Temporal Supervised Learning for Inferring a Dialog Policy from Example Conversations

  • Lihong Li ,
  • He He ,
  • Jason Williams

Proceedings IEEE Spoken Language Technology Workshop (SLT) |

Published by IEEE - Institute of Electrical and Electronics Engineers

To appear in the 2014 IEEE Spoken Language Technology Workshop.

This paper tackles the problem of learning a dialog policy from example dialogs – for example, from Wizard-of-Oz style dialogs, where an expert (person) plays the role of the system. Learning in this setting is challenging because dialog is a temporal process in which actions affect the future course of the conversation – i.e., dialog requires planning.

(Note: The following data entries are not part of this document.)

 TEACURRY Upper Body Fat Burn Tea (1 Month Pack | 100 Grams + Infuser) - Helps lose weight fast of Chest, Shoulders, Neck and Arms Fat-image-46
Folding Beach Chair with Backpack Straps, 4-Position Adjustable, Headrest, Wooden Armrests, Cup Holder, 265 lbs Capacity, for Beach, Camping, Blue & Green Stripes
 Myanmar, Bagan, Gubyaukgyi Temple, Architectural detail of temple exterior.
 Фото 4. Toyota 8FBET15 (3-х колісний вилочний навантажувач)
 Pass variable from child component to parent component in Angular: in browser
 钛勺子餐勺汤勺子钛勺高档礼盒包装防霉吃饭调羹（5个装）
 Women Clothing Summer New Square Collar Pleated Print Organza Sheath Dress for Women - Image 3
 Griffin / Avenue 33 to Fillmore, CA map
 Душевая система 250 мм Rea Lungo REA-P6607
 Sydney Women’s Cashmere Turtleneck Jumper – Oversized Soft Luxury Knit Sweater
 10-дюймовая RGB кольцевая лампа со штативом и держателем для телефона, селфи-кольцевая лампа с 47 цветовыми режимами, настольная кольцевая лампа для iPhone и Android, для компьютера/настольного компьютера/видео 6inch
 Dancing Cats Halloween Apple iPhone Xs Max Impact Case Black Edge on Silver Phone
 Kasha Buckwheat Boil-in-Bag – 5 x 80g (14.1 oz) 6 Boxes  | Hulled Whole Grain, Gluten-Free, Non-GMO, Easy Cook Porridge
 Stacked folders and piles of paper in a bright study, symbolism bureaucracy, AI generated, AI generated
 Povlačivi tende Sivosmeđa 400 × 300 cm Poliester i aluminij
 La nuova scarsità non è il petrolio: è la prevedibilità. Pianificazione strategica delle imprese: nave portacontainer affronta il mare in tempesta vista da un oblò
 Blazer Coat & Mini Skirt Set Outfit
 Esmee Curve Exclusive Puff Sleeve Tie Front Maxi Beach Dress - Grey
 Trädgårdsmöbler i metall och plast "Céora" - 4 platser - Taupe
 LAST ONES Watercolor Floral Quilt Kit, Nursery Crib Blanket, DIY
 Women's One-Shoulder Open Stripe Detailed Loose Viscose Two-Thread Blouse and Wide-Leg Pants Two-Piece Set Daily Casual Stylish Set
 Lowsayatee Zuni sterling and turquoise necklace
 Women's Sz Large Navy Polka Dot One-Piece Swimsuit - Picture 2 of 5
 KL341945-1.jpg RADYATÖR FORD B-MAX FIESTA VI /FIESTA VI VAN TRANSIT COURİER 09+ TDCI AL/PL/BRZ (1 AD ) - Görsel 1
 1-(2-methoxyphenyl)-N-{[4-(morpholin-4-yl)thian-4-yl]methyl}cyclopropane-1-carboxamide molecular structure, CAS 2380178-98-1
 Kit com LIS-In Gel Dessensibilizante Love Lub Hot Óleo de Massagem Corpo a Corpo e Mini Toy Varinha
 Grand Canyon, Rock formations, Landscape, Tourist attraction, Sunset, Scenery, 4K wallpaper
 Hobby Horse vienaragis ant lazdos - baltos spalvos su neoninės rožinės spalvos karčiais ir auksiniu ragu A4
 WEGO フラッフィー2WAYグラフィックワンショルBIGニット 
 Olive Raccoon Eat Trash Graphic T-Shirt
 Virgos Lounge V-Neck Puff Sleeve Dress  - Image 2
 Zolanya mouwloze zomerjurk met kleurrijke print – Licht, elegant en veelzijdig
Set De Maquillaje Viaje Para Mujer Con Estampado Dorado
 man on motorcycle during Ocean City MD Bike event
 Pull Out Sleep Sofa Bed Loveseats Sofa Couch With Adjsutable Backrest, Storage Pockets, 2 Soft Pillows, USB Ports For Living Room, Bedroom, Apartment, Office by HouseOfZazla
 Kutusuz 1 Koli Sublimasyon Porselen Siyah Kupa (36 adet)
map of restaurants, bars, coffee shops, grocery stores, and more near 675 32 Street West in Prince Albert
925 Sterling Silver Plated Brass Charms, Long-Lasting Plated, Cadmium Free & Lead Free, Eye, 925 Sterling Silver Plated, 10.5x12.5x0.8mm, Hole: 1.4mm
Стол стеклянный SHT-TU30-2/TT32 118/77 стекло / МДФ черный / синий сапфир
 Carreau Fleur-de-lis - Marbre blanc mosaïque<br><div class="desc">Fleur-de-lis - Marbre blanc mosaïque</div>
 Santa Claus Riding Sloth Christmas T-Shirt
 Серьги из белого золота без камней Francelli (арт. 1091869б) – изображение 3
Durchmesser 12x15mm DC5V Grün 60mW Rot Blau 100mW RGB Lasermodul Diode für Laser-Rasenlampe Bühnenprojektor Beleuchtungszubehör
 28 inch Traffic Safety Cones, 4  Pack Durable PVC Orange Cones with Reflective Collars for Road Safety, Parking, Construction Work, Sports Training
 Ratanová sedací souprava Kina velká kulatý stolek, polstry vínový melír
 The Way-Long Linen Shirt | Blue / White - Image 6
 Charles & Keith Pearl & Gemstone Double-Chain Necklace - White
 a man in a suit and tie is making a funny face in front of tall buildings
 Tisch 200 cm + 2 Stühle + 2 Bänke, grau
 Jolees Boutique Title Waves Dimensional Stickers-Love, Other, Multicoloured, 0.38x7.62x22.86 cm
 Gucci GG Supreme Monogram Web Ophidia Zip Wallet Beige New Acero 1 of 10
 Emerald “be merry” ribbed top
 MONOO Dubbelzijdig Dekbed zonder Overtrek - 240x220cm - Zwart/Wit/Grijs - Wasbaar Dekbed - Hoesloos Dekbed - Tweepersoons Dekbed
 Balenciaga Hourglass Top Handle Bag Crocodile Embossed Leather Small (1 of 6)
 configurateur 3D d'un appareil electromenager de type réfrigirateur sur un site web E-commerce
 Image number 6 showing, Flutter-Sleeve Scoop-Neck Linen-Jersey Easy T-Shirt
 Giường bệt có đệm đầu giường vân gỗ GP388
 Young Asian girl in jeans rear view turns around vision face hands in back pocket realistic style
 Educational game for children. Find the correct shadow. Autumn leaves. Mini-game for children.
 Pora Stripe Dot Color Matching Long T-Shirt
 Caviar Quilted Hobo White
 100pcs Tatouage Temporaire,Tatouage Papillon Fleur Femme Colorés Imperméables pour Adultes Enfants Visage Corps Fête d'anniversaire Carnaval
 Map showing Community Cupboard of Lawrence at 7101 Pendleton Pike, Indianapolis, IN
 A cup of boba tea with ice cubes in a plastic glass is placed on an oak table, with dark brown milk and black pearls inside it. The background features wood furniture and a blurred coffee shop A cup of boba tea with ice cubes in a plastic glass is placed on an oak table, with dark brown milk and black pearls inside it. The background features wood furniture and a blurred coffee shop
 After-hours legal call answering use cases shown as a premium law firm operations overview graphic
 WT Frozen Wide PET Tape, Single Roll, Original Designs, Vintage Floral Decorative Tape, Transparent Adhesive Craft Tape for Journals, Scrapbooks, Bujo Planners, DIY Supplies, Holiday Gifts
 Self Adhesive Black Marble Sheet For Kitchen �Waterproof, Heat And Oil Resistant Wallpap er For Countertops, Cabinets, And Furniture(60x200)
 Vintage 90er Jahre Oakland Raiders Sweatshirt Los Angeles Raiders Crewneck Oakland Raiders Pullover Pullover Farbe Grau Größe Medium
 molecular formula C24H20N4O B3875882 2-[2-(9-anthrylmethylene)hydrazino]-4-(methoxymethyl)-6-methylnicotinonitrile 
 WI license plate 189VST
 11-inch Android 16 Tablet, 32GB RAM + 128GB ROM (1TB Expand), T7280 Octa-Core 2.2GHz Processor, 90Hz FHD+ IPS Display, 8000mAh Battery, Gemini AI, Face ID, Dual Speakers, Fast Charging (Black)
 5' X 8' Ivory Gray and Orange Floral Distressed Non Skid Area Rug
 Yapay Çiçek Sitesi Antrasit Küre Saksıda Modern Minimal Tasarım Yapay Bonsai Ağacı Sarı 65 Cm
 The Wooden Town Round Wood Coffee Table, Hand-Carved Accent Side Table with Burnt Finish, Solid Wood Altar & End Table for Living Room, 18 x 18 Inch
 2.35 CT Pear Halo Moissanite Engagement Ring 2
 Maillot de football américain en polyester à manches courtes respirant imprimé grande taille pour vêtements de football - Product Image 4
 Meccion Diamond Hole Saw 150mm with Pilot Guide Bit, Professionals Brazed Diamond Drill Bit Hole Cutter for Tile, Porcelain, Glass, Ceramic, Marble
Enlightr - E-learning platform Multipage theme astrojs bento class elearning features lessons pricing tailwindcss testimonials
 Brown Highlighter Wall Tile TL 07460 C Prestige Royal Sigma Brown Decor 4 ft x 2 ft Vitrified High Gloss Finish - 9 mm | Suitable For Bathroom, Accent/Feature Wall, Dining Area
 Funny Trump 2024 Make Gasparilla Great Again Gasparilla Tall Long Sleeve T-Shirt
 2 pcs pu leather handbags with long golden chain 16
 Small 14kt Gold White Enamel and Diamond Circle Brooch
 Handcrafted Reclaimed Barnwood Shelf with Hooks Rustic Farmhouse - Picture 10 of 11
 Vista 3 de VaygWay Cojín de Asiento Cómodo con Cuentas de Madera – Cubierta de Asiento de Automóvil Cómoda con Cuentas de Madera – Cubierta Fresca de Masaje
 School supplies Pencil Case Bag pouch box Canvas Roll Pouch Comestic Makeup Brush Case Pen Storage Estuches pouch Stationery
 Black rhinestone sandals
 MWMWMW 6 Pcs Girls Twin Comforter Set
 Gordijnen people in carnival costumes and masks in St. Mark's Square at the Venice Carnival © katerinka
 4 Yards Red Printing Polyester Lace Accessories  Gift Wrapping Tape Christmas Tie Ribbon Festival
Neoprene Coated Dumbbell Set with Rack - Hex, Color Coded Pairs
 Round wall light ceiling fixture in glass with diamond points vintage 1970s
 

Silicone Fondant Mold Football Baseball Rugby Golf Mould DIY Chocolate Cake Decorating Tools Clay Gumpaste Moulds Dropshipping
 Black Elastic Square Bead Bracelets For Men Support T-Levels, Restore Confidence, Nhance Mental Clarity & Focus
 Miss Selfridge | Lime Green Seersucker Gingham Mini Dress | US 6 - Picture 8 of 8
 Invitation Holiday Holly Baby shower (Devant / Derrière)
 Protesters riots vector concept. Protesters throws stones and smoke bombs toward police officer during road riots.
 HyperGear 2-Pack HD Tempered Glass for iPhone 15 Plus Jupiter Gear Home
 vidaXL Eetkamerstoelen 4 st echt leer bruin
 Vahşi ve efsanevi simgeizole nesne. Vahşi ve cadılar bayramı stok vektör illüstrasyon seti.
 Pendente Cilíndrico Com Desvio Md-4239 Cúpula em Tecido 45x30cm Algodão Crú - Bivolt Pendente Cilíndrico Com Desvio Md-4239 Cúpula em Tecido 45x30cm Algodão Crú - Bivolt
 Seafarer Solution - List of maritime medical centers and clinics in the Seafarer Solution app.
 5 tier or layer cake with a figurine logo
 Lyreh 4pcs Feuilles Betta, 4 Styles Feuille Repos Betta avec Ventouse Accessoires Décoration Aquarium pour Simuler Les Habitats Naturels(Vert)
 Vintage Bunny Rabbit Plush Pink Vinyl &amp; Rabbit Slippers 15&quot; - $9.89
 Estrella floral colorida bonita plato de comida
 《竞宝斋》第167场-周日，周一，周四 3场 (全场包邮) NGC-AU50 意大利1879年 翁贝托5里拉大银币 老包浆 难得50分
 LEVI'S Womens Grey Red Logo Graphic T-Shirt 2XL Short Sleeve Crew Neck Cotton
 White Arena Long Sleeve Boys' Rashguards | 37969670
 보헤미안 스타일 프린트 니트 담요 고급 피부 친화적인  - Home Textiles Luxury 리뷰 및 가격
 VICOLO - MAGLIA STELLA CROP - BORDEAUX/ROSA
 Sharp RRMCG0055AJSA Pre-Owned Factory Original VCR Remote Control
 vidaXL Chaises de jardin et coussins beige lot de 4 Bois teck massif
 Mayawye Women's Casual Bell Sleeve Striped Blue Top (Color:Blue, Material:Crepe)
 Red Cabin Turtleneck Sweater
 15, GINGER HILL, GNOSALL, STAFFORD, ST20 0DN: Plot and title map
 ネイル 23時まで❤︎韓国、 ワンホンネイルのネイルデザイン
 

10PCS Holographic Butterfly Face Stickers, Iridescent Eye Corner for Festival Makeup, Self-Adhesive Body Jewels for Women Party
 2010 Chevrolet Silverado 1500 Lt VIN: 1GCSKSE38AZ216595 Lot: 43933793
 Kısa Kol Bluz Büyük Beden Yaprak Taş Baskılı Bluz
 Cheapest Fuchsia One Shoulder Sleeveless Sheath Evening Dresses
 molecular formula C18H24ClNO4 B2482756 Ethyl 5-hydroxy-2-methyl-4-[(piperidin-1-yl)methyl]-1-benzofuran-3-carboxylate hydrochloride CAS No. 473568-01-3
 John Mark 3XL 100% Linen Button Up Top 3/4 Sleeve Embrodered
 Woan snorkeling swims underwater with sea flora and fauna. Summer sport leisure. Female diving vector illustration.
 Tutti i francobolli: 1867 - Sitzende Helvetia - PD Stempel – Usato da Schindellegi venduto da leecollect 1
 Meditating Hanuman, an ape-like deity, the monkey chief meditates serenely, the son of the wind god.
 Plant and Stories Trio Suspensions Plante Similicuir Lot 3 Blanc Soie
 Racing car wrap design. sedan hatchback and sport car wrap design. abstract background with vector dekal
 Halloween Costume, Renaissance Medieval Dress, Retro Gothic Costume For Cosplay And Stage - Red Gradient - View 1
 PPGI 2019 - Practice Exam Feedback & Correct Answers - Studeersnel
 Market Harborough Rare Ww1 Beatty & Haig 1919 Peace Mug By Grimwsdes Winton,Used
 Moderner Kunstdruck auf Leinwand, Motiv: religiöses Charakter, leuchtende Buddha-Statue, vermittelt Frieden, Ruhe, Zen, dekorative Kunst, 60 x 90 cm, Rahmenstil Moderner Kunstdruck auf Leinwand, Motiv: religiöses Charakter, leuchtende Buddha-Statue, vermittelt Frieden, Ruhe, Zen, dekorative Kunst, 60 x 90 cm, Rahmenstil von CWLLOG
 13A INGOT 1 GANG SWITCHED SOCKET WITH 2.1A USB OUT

Past work solved this problem with either conventional supervised learning or reinforcement learning. Reinforcement learning provides a principled approach to planning, but requires more resources than a fixed corpus of examples, such as a dialog simulator or a reward function. Conventional supervised learning, by contrast, operates directly from example dialogs but does not take proper account of planning. We introduce a new algorithm called Temporal Supervised Learning which learns directly from example dialogs, while also taking proper account of planning. The key idea is to choose the next dialog action to maximize the expected discounted accuracy until the end of the dialog. On a dialog testbed in the calendar domain, in simulation, we show that a dialog manager trained with temporal supervised learning substantially outperforms a baseline trained using conventional supervised learning.